# Activity
Within the entries below, the lines from the one with "Lino Home Decke" through the one with "Phoenix 16763A |" are to be set down exactly, both ends kept.

[Stored data]
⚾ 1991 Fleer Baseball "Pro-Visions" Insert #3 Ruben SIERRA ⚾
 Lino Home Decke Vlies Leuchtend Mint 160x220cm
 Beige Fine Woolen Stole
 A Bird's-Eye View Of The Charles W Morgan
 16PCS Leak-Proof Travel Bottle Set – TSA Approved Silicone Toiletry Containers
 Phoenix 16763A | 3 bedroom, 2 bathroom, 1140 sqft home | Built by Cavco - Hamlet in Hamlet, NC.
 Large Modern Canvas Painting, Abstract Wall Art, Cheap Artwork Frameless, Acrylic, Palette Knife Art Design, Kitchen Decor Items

# Response area
 Lino Home Decke Vlies Leuchtend Mint 160x220cm
 Beige Fine Woolen Stole
 A Bird's-Eye View Of The Charles W Morgan
 16PCS Leak-Proof Travel Bottle Set – TSA Approved Silicone Toiletry Containers
 Phoenix 16763A | 3 bedroom, 2 bathroom, 1140 sqft home | Built by Cavco - Hamlet in Hamlet, NC.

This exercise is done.